→ **Activity**: Print, in exact form, the lines below from the one containing "Einheimischer Junge mit" through the one containing "Snapshot of paul_roger", and omit all others.

→ **Provided material**:
★ ★ ★ ★ ★

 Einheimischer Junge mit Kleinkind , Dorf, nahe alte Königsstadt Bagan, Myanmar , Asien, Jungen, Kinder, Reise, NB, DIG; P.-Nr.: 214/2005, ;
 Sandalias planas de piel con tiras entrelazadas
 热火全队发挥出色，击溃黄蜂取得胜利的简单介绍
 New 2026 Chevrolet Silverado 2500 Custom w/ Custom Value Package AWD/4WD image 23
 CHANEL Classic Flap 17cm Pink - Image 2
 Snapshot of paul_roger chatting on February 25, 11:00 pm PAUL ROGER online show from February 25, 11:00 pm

★ ★ ★ ★ ★

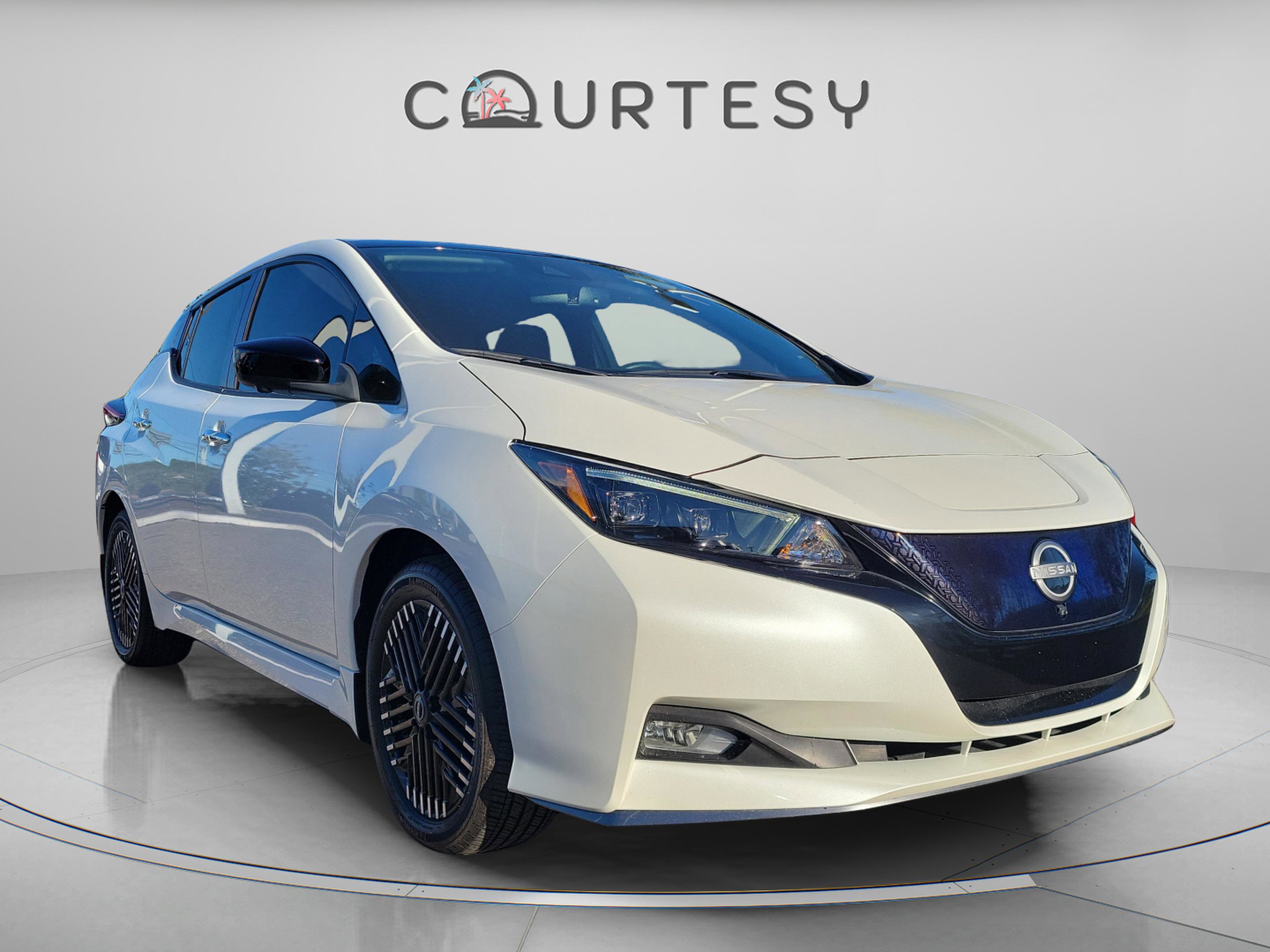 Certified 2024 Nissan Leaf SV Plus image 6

★ ★ ★ ★ ★

→ **Task response**:
 Einheimischer Junge mit Kleinkind , Dorf, nahe alte Königsstadt Bagan, Myanmar , Asien, Jungen, Kinder, Reise, NB, DIG; P.-Nr.: 214/2005, ;
 Sandalias planas de piel con tiras entrelazadas
 热火全队发挥出色，击溃黄蜂取得胜利的简单介绍
 New 2026 Chevrolet Silverado 2500 Custom w/ Custom Value Package AWD/4WD image 23
 CHANEL Classic Flap 17cm Pink - Image 2
 Snapshot of paul_roger chatting on February 25, 11:00 pm PAUL ROGER online show from February 25, 11:00 pm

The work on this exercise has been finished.